The announcement from the company — whose credit ratings can influence global markets — comes as Biden administration officials are urging major firms to be more transparent about the security of their software. Several high-profile supply-chain hacks and ransomware attacks have rattled businesses and other organizations over the past year, costing companies millions of dollars and compromising their operations.
To better assess the risks that ransomware and other digital threats pose to Fortune 500 firms and government agencies, Moody’s is investing $250 million in BitSight, which uses an algorithm to assess the likelihood that an organization will be breached. Moody’s shared the news first with CNN Business.
As part of the deal, Moody’s will become the largest minority shareholder in Bitsight. In addition, BitSight will acquire a cyber risk rating system created by Moody’s and Team8, a company which bills itself as a “think tank” focused on global cybersecurity issues.

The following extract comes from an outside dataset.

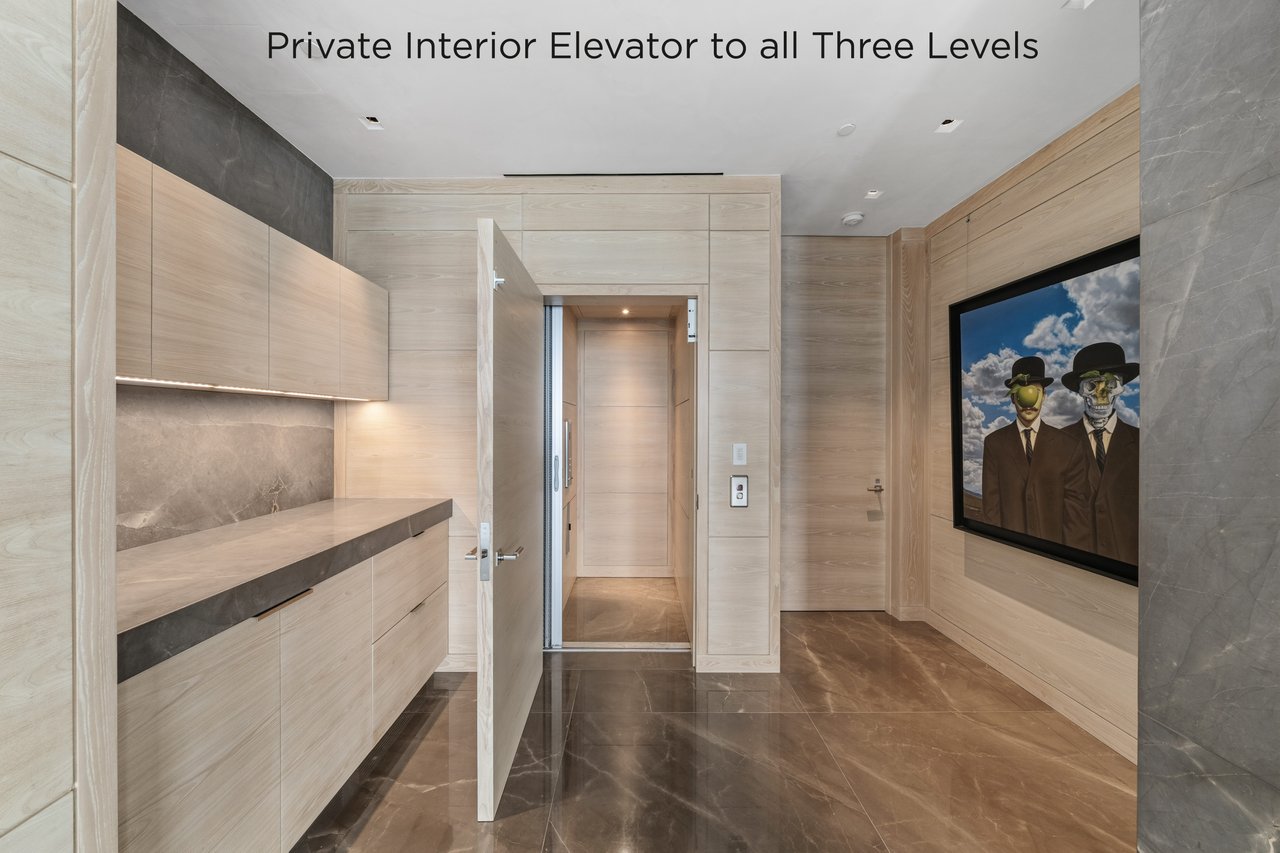 Apogee Penthouse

“There’s just a lot of opacity around cyber risk,” Moody’s CEO Rob Fauber told CNN Business. “You have compromises that have serious operational and organizational implications. It’s affecting a broader range of industries and the stakes are higher than they’ve ever been.”
Fauber said the $250 million would be used to improve BitSight’s data and risk-management offerings, among other products. BitSight, which says its customers include 20% of Fortune 500 firms, will be able to make more detailed risk assessments and “more clearly translate [that] to the risk of financial loss,” Fauber said.

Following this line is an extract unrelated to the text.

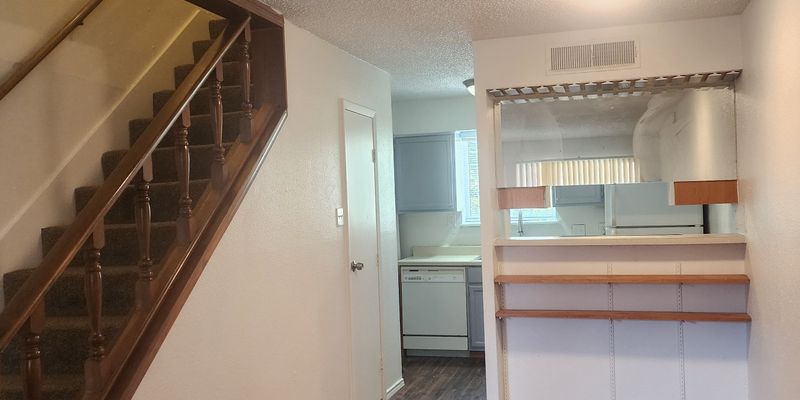 San Antonio House: 3243 Nacogdoches Rd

Understanding cybersecurity risk has become a national security and economic imperative.
US corporate and government officials have been blindsided by ransomware attacks in recent months that forced critical infrastructure offline and compromised massive amounts of private information.

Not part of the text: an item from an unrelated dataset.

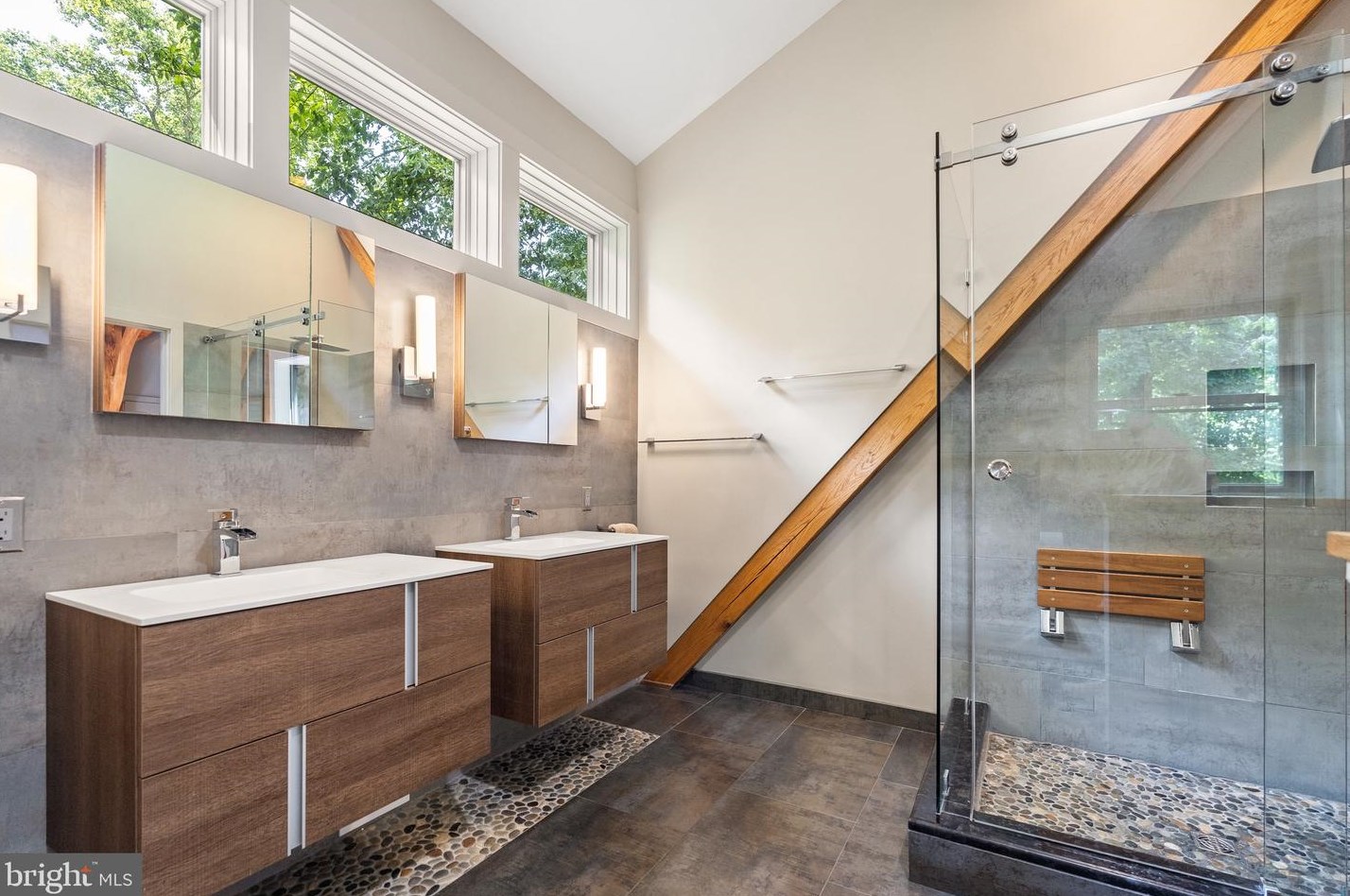 7211 Brookstone Ct, Rockville MD 20854-4838 exterior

Victims of ransomware attacks paid some $350 million in ransoms in 2020, according to Chainalysis, a firm that tracks cryptocurrency. But that’s only a partial view of total ransoms paid, and those who don’t pay can spend millions of dollars rebuilding their computer infrastructure.
Hacks can also be difficult to detect, and US officials have worried that a lack of transparency about how attacks spread can mean that a single breach has the ability to ripple across many industries.
Fauber said that the SolarWinds compromises were a big reason for Moody’s to invest more heavily in cybersecurity risk programs.
The breaches also inspired President Joe Biden to issue an executive order in May requiring federal contractors to meet a minimum set of security standards around data management and the reporting of attacks.
US officials see the executive order as a step toward prodding some private firms to provide more secure software and a scoring system for measuring that security. The directive tasks the Commerce Department with setting up a program to label consumer electronics devices, like wireless routers, with a cybersecurity rating.
“You’re seeing increased focus from government and regulatory bodies in the United States and elsewhere on making sure that companies are sufficiently focused on identifying, measuring and managing their exposure to cyber risk,” Fauber said.